Vancouver House by BIG gears up for completion
(Image credit: press)

BIG and Westbank are putting the finishing touches on their Vancouver House tower, which is due to receive its first residents this summer

Viewed from the north end of the Granville Street bridge, BIG's 150m twisting tower for Canadian developer Westbank, Vancouver House, seems to lean almost too close for comfort.
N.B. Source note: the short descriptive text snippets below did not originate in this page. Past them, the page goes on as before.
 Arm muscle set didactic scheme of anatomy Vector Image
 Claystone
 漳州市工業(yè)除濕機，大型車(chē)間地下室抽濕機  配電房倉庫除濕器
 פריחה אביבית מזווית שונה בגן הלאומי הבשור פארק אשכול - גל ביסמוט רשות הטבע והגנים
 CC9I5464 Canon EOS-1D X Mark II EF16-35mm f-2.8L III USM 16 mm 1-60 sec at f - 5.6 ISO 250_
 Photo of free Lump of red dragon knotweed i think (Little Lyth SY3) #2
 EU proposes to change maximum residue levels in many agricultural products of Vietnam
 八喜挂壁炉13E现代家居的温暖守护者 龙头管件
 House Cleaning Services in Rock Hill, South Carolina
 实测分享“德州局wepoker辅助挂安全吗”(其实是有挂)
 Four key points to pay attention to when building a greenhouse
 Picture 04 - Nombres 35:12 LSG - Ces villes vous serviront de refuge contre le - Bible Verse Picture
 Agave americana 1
Its expressive form – typical of the Danish practice's work – takes signature architecture to another level; yet project architect Vance Harris, of local partner Dialog, assures us that it’s ‘the safest place to be in an earthquake.' In 100 years from now, he says, it will still be standing.
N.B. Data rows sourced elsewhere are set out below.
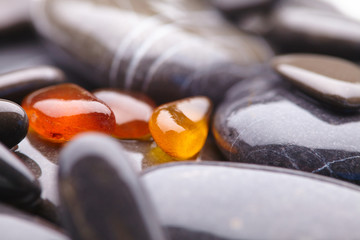 sea stones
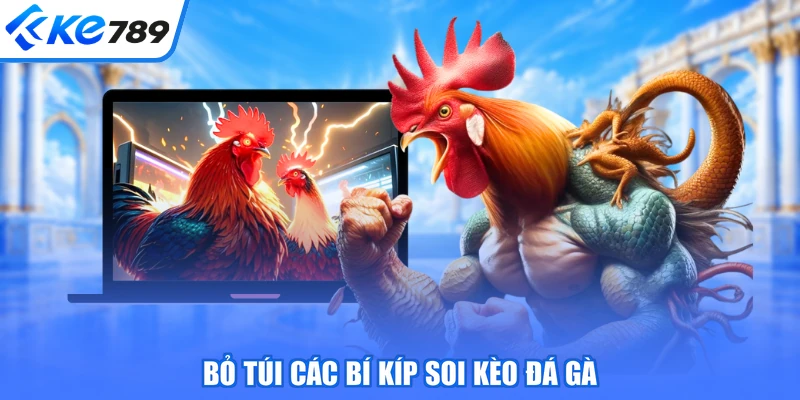 Bỏ túi các bí kíp soi kèo đá gà
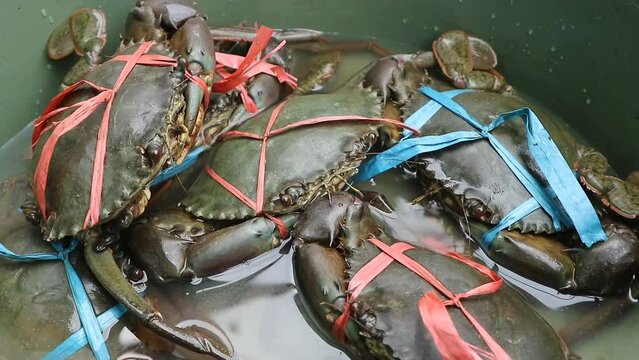 Big mud crabs live and ready to be cooked.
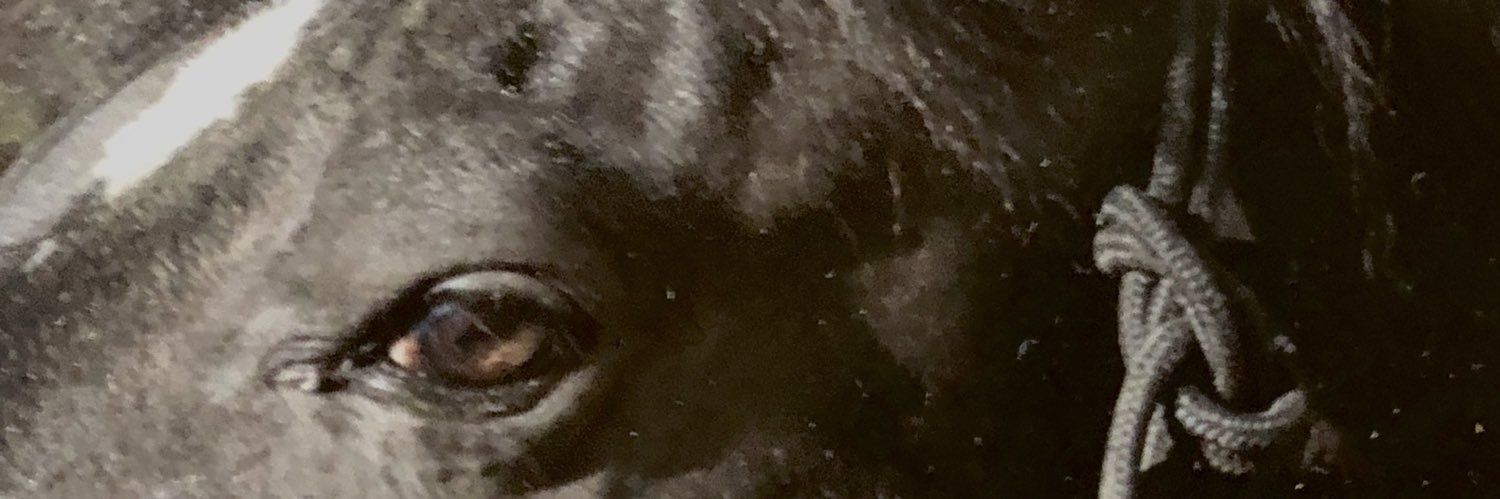 izzyb57's profile banner image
Top notch seismic safety standards aside, gazing down from the 59th floor reveals a dazzling city that has seen a dizzying rate of construction over the past decade, and this tower, first commissioned by Westbank in 2010 when Ingels was a relatively young and not-as-well-known architect – has become a symbol of this.

The project cleverly reinvents the ‘Vancouverist' tower and podium typology, transcending bridge setbacks and site constrictions with a narrow triangular floorplate that widens as it rises past the bridge level, reclaiming space and maximizing views, while three triangular retail, office and leisure complexes articulate the base. The Westbank website quotes Ingels saying, ‘think of Vancouver House as a giant curtain, at the moment of being pulled back to reveal the world to Vancouver and Vancouver to the world.'

Ingels was inspired by City of Glass author Douglas Coupland and science fiction writer William Gibson

Luxury units in the sky can be reached through the city’s fastest elevator; there's a soon to be materialised eighth floor swimming pool that will have walls of tropical hardwood; and a currently empty ground level, where commercial areas will soon include high end grocery stores. The scheme ends under the bridge, right where an installation by Rodney Graham – a spinning, shimmering chandelier – will make its debut this autumn.
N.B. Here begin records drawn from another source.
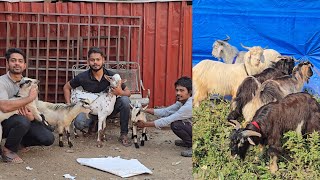 Dhamaka Quality Offer Ajj Climate Set Goats Looto Aur Shouk Karo || Sadique Bhai Mumbra Mumbai  ||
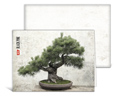 Bonsai Notecards (Set of 10)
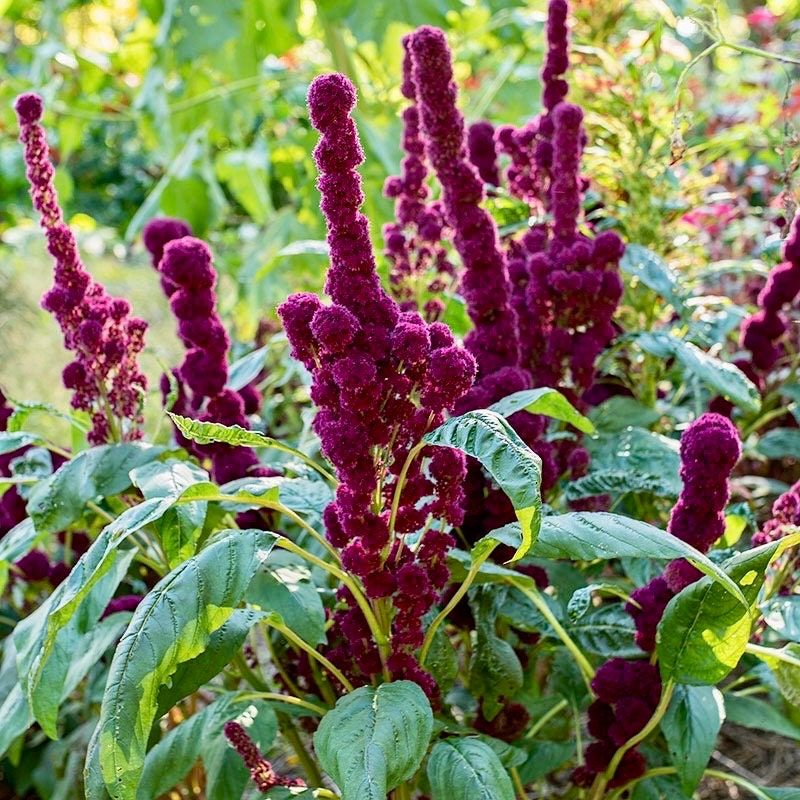 Amaranth Elephant Head Seeds ~ Amaranthus Gangeticus ~ Unique ~ Dried Flowers ~ Bouquets ~ Bizarre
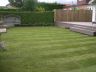 sheffield-lawn.jpg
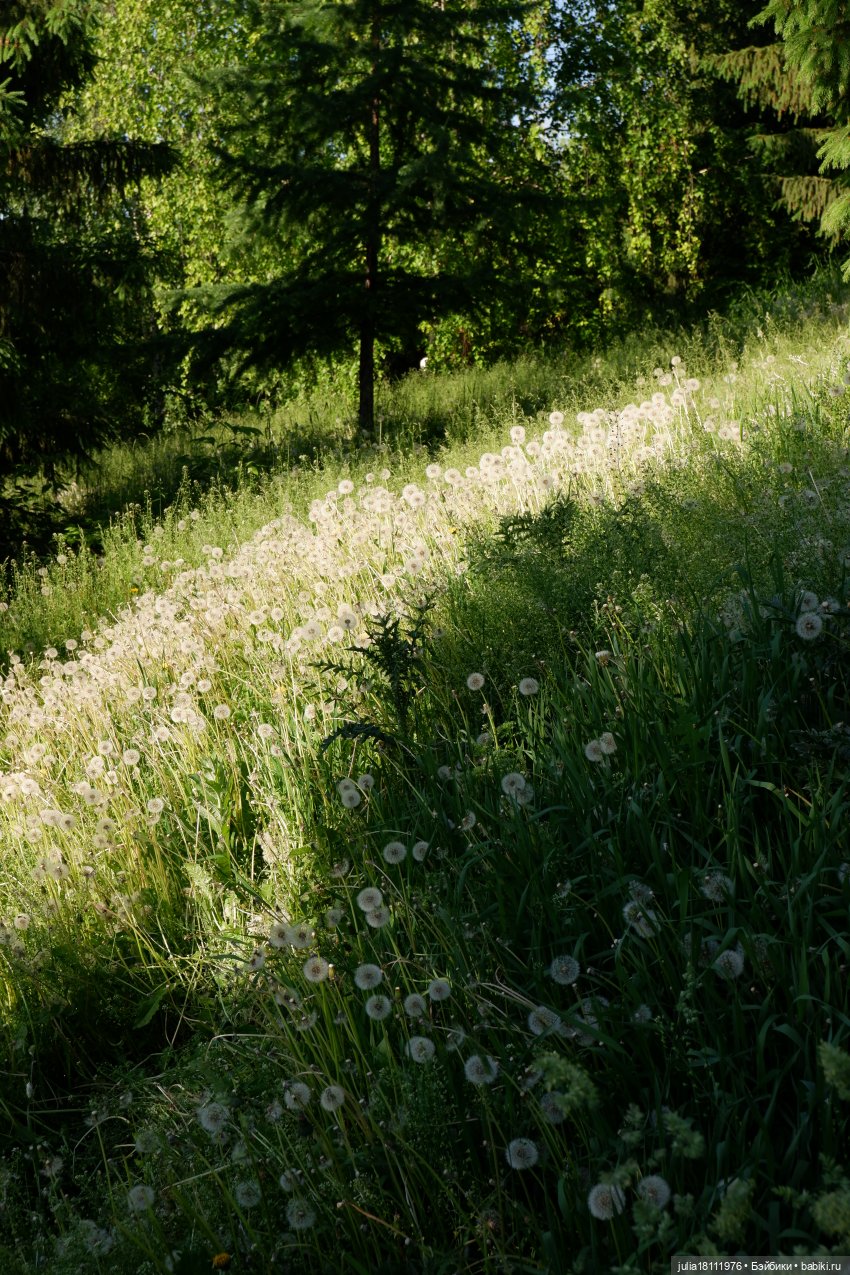 Дом кукол Лавандовый сон. Семейка Барбиобразные. Часть 12. Куклы "Соня Роуз/Курн"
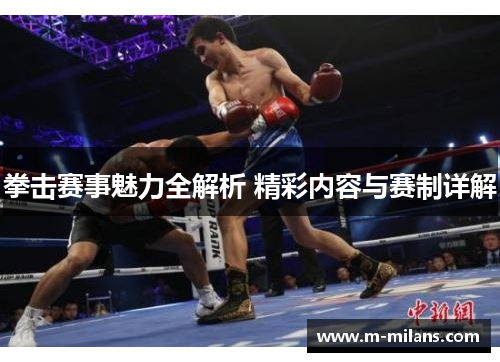 拳击赛事魅力全解析 精彩内容与赛制详解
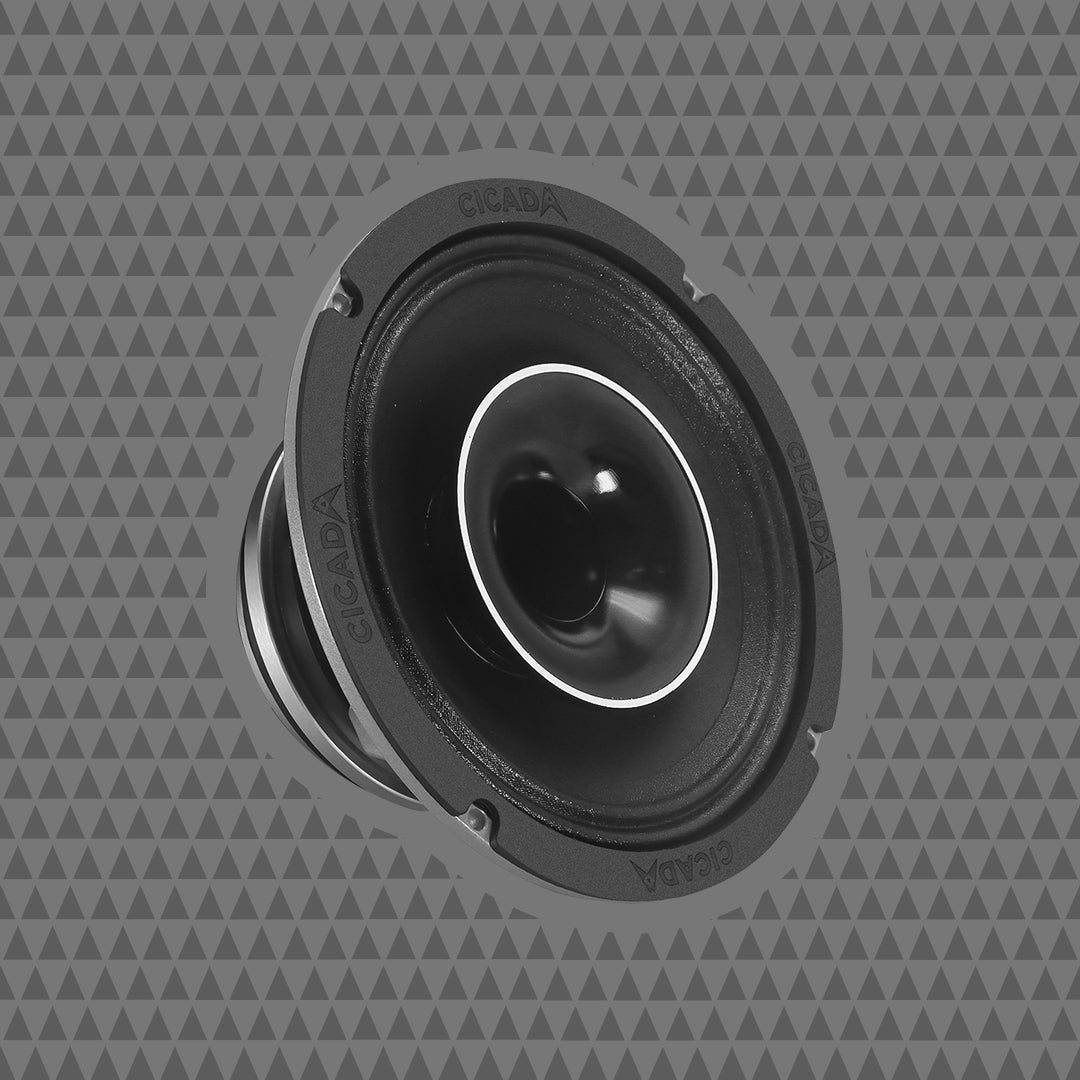 6.5-INCH COAXIAL HORN SPEAKERS – 2Ω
Its curvilinear form – the result of 150m of subtle pixelation – rises from a thin triangular floorplate to a perfect rectangle at the top, with variegated floor plates creating enticing articulations throughout and offering a near sci-fi feel. Ingels says that in addition to City of Glass author Douglas Coupland, another Vancouver scribe who inspires him is science fiction writer William Gibson, whose Bridge trilogy series centres on a bridge that becomes a shantytown after an earthquake.

Vancouver House residents will begin to move in at the end of July. Next stop for Ingels and Westbank CEO Ian Gillespie is Calgary's Telus Sky – a kind of inverted twin to Vancouver House that tapers from a wide floorplate to a thin peak; and one of four projects the architect is currently working on for Westbank.